My guess is that will find the same amount of regression for each of these overall above average players.

***

One last test: can you create a player D of this profile:
x/0/-15
Solve for “x”, so that your overall regressed value comes out to “5”.

That is, how goshdarngood does this guy have to be in one year, to compensate for a -15 in another year.  I’m afraid to hear the answer.


#98    Tangotiger      (see all posts) 2007/05/31 (Thu) @ 15:12

Ok, I think I was able to plug in the formula.

When I put in
30/0/-15
I get
1.82

Changing the “30” to this value… I get that value…
30… 1.82
50… 2.40
70… 2.33
100.. 2.02
inifinity… 0.00

And what if I put: 30/0/0?  That gives me a regressed value of 5.

And 60/0/0?  That’s a 4, less than 30/0/0.

Uhhhh… unless I made a mistake, this doesn’t make any sense.


#99    Tangotiger      (see all posts) 2007/05/31 (Thu) @ 15:27

I published an Excel with Shane’s equations here:
http://www.tangotiger.net/files/individual_regr_to_mean_SAFE.xls

Feel free to verify my work.


#100    MB      (see all posts) 2007/05/31 (Thu) @ 15:37

I can’t get as deep into the methodology as you guys, but I’m a bit confused as well.

Wouldn’t 5/5/5 still regress toward the mean because we expect that the player is likely still somewhere closer to average than his performance over the sample. For example, 20/20/20 doesn’t regress at all toward the mean, either? So we expect this player is a “true” +20 player. From all I’ve read, that doesn’t seem right, but I could be way off here.


#101    Rally      (see all posts) 2007/05/31 (Thu) @ 16:12

I tried something like Tango suggested in #97 using TotalZone measures, but I’ve only got 4 years of data, and the sample is so small.  The consistent players did do a little better in Y4, but I hesitate to even type that, because its not a big enough sample to draw conclusions.

I just don’t think you can assume that just based on 3 years data, your observed variance can be used as the player’s true variance.  Even if you think players have different true variances.


#102    Shane Jensen      (see all posts) 2007/05/31 (Thu) @ 16:32

MB/100, you’re not way off!  The formulas that I presented do imply that if you have zero variance in your raw values, then you will not do any shrinkage at all.  In practice, this is a non-issue, since every player has some variance, and therefore each player will get shrunk. 

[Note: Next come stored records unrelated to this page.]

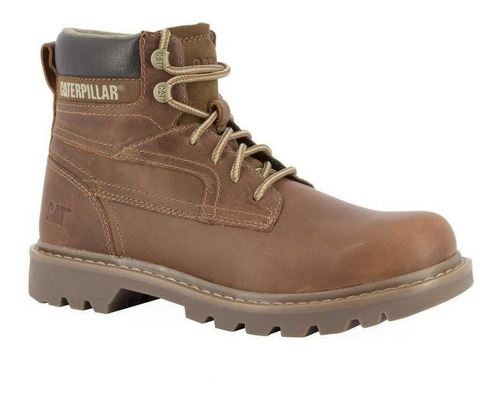 Botas Caterpillar Mujer Bridgeport P308841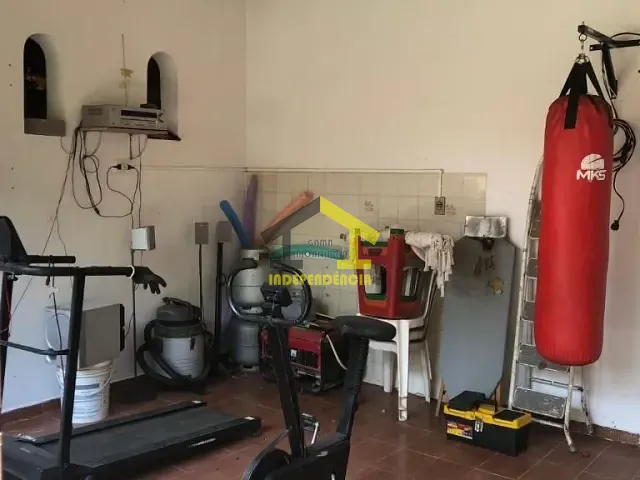 Chácara com 1200m² 3 quartos e 4 banheiros, à venda, no bairro Portal das Acácias em Santana de Parnaíba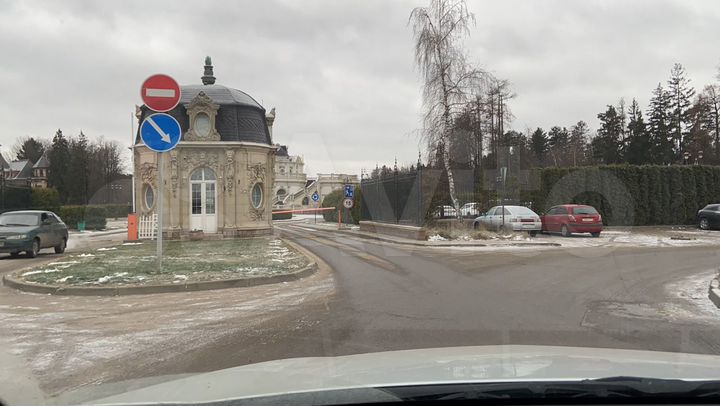 Гараж, 18 м²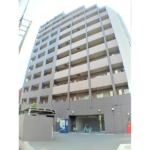 レジディア東品川 0204-2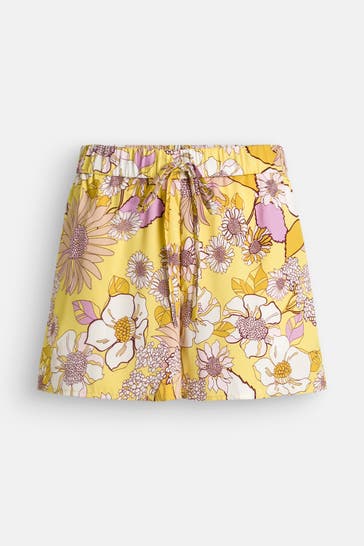 SANDRO Shorts mehrfarbig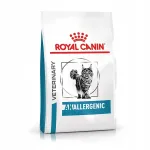 Kuiv kassitoit ROYAL CANIN Anallergenic 4kg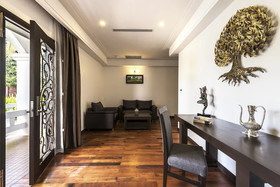 J'S Links Angkor Boutique Hotel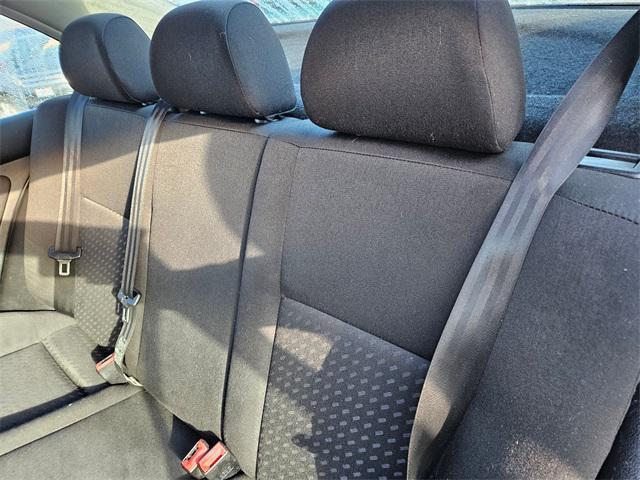 used 2007 Volkswagen Jetta car, priced at $6,995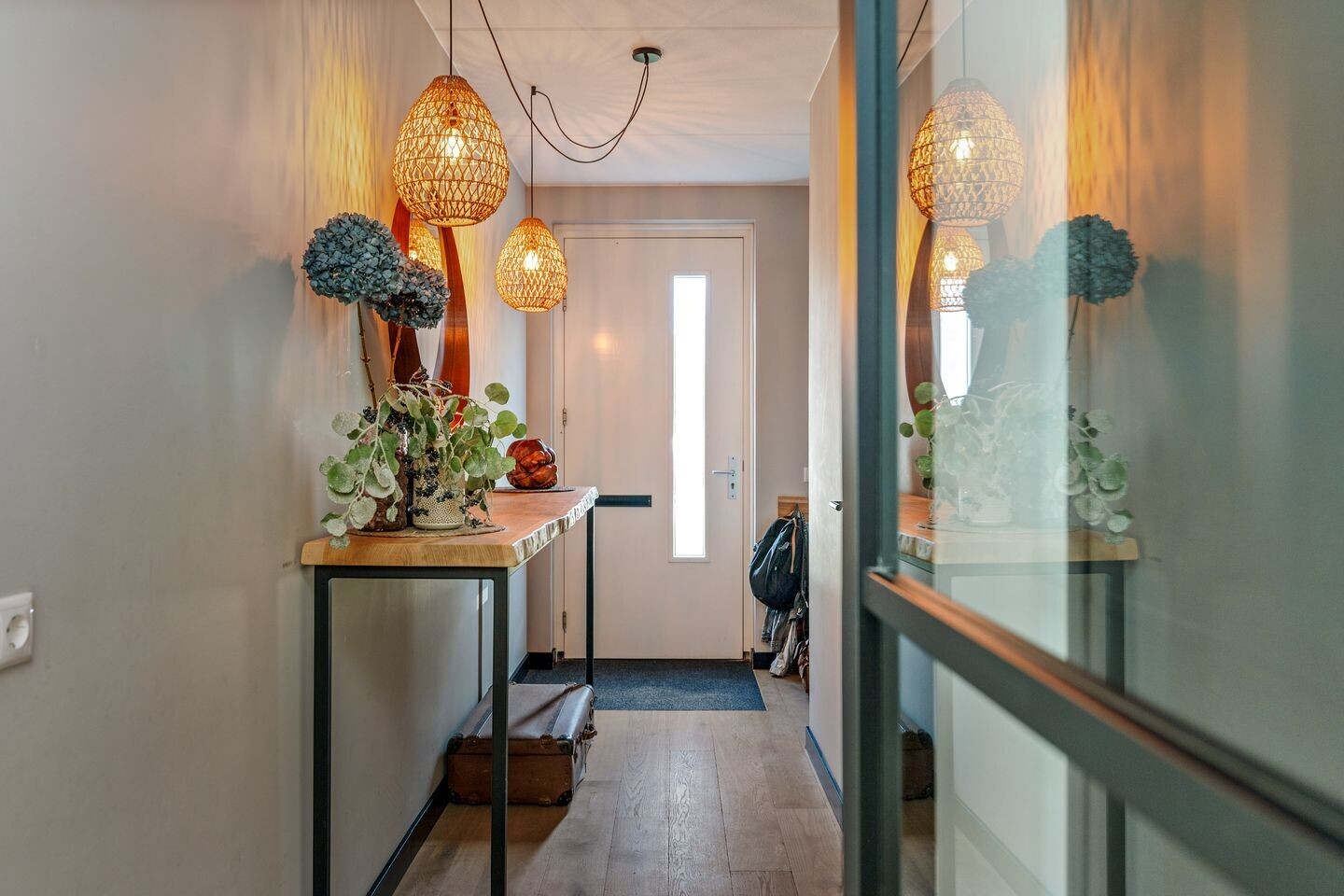 Tussenwoning te koop: H.J.Ph. Fesevurstraat 19, Deventer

Tango/98, I checked some of your calculations, and I think that you using the formula correctly.  Here is my attempt at intuition (if there is any) behind the weird behaviour you’re getting with configurations like 50/0/0 and 60/0/0. 

As you increase one point while keeping the others the same, the variance for that player increases faster than the mean for that player.  As the variance increases, the amount of weight we put on that player’s observed data decreases and so the shrinkage towards the mean is actually greater.  The model is saying that the value of 30 within a set of 30/0/0 is skeptical but still within the range of believability.  What is believable and what isn’t is controlled by tau. A value of 30 is 3 SDs from the population mean, but that can certainly happen.  However, a value of 60 is 6 SDs from the population mean, which is essentially impossible in a Normal model. 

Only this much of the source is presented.